Quattro tenori da ricordare

Sono ben quattro le grandi voci maschili delle quali ci dobbiamo ricordare in questo 2021. Ricorre infatti, il centenario della morte di Enrico Caruso, il famoso tenore di Napoli, nato nel 1873. Tutti i cantanti che sono destinati ad entrare nella storia, iniziano esibendosi in una Chiesa, cantando l’Ave Maria di Schubert o l’Agnus Dei di Bizet. Così fu anche per Enrico, le cui buone basi (inculcategli dai suoi due maestri Schirardi e De Lutio), gli permisero a soli 21 anni, di cantare nella sua città, portando sul palco il titolo “l’Amico Francesco” di Mario Morelli. A poco a poco i ruoli di genere leggero lasciarono quindi spazio a quelli lirici o drammatici. Caruso, acclamato protagonista, dei 48 anni di vita che gli furono concessi – perché mori nel 1921 di pleurite infetta – ne cantò oltre la metà, cioè 27. Ebbe la fortuna di intonare nei Teatri più importanti del Mondo, per quei tempi e fu proprio il Metropolitan ad accoglierlo per ben 863 recite, nei 17 anni dal 1903 al 1920. Non mancarono il Covent Garden di Londra, il Colon di Buenos Aires e la Scala. Con grande costanza arricchì il suo repertorio, poiché il suo organo vocale si era irrobustito, acquisendo quello “spessore” che gli permise di assicurare al suo pubblico grandi soddisfazioni, ricambiate ovunque con gesti di forte apprezzamento.

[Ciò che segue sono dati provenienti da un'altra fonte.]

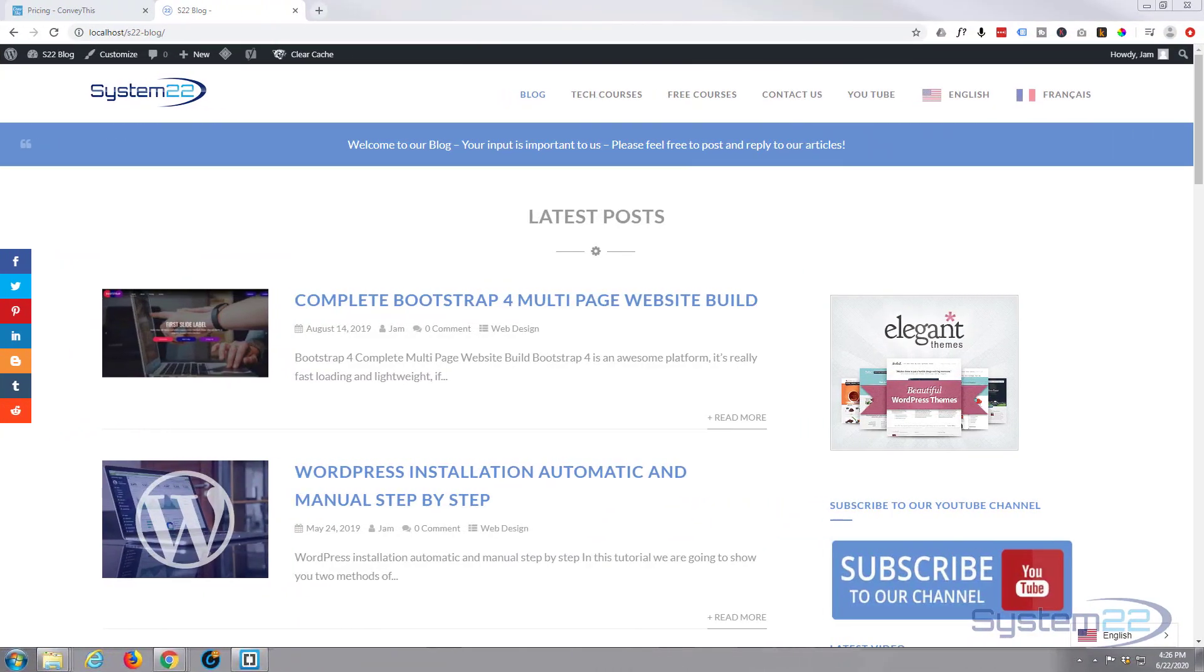Hi guys and welcome to another WordPress video. This is Jamie from System22 and webdesignandtechtips.com. Today we're going to show you how to add a very cool plugin to your site called ConveyThis and what it does.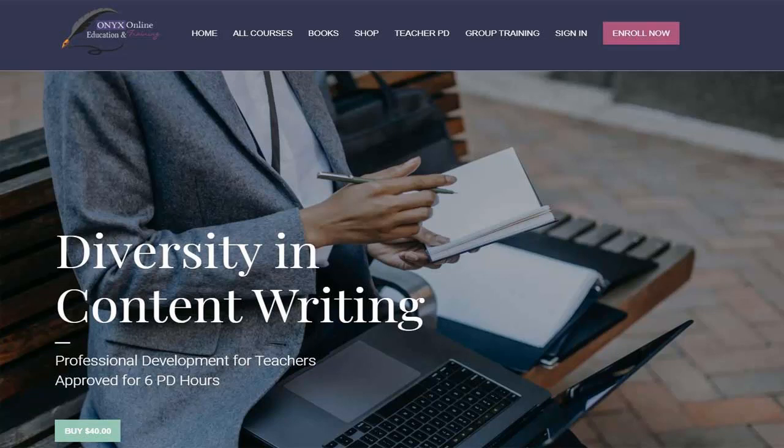Hello and thank you so much for your interest in this professional development course for educators. My name is Ashawn Hampton, course creator and instructor. Let's take a look at the inside of this course.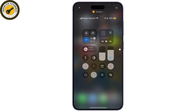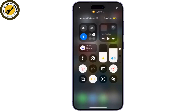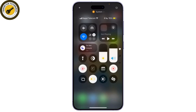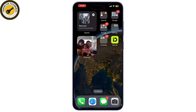First things first, make sure you have a stable internet connection. You can do this by opening a web browser or another app to see if everything is working correctly. If you're on Wi-Fi, try switching to mobile data, or vice versa.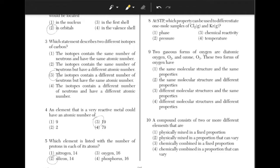At STP, which property can be used to differentiate one or more samples of Cl2 and Kr? The answer is choice 3, reactivity. Phase cannot differentiate the elements because they are both gases, and at STP both will have the same temperature and pressure.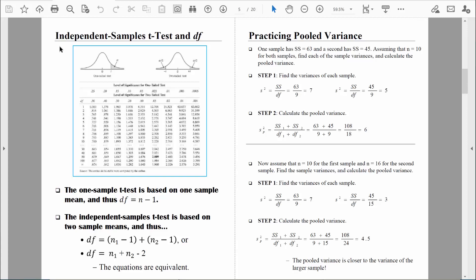Let's address one more issue before we wrap up. We know both the one-sample t-test and the independent samples t-test use the same t-table. The only difference is how we compute degrees of freedom. For the one-sample t-test, we take the number of people in that sample and subtract one. For the independent samples t-test, both samples have n-1 degrees of freedom. We take the number of people in the first group and subtract one, then take the number of people in the second group and subtract one, and add those together — which is the same as taking the total number of people across both groups and subtracting two.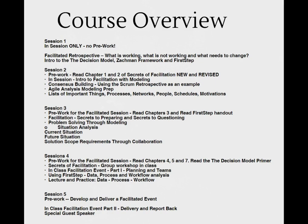Prior to Session 4, our pre-work will include the reading of Chapters 4, 5, and 7 of the Secrets of Facilitation text and the Decision Model Primer. In session, we will have a group workshop in preparation for the final fifth session where we will each demonstrate our facilitation skills. We will also talk about the First Step method and practice using it on data, process, and workflow, and spend a bit more time on the Decision Model.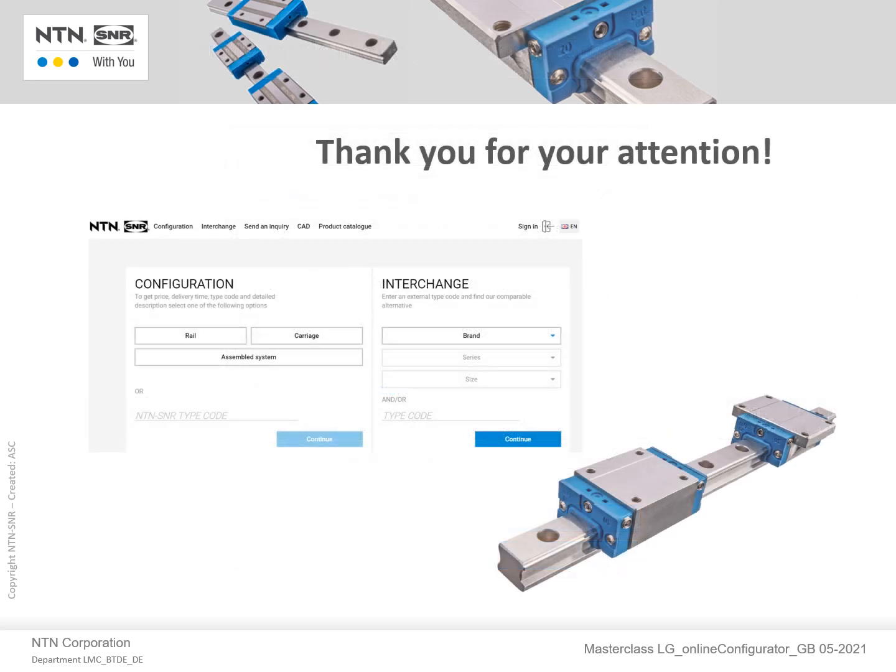This brings us to the end of the presentation. I would encourage everyone interested in learning more about this powerful tool to simply log into our website and play around with the configurator. With some practice, you will quickly learn how to navigate through the program. For further information, or if you have any questions or comments, please do not hesitate to post under this video or contact us at your local NTN branch. I sincerely thank you very much for your attention.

Franco Corelli nacque a Pesaro nel 1921 e si affermò in un concorso bandito dal teatro lirico sperimentale di Spoleto. Ebbe un inizio di carriera del tutto simile a quello dell’altro grande tenore italiano stella del Metropolitan newyorkese, Marcello Giordani, morto di un infarto fulminante nell’ottobre del 2019, all’età di 56 anni.
Corelli divenne presto un artista – divo, imponendosi nei ruoli belcantistici belliniani; con la scuola dell’altro grande tenore Giacomo Lauri Volpi (1892-1979) mise in evidenza la sua facilità alla zona acuta e piena di voce. Per questo motivo eccelse in alcune opere del repertorio verdiano, come Trovatore ed Aida. Si spense a causa di un ictus nel 2003.

Giuseppe di Stefano, come tutti i “veri cantanti” studiò a Milano, essendo questa piazza, ricca dell’offerta dei grandi maestri. Il successo gli arrise nel 1946, all’età di 25 anni, nel ruolo del cavaliere Des Grieux, nella Manon di Massenet, allestita presso il teatro di Reggio Emilia. Per gli anni a seguire e sino al 1953 prestò la sua splendida forma vocale agli impianti scenografici del Metropolitan. Fece pure la fortuna di titoli moderni, come ad esempio “Il calzare d’argento” di Ildebrando Pizzetti. Il suo timbro vocale e la semplicità a modulare la voce per ottenere vibranti interpretazioni lo resero eccelso nelle opere dei maggiori compositori italiani e francesi del periodo ottocentesco; tra questi Bellini, Verdi e Bizet.

Mario Lanza, statunitense di origine italiana, morì a soli 38 anni,per un’embolia polmonare che potrebbe aver avuto due cause. La prima: una flebite agli arti inferiori. La seconda: lo smodato uso di gonadotropina per dimagrire e mantenere quel bell’aspetto che oltre alla duttile vocalità gli consentì di fare anche tanto cinema. Nel trentennale (1951) della scomparsa di Enrico Caruso, interpretò il film “Il grande Caruso” incoraggiando così molti giovani, ad imparare l’arte del “bel canto”.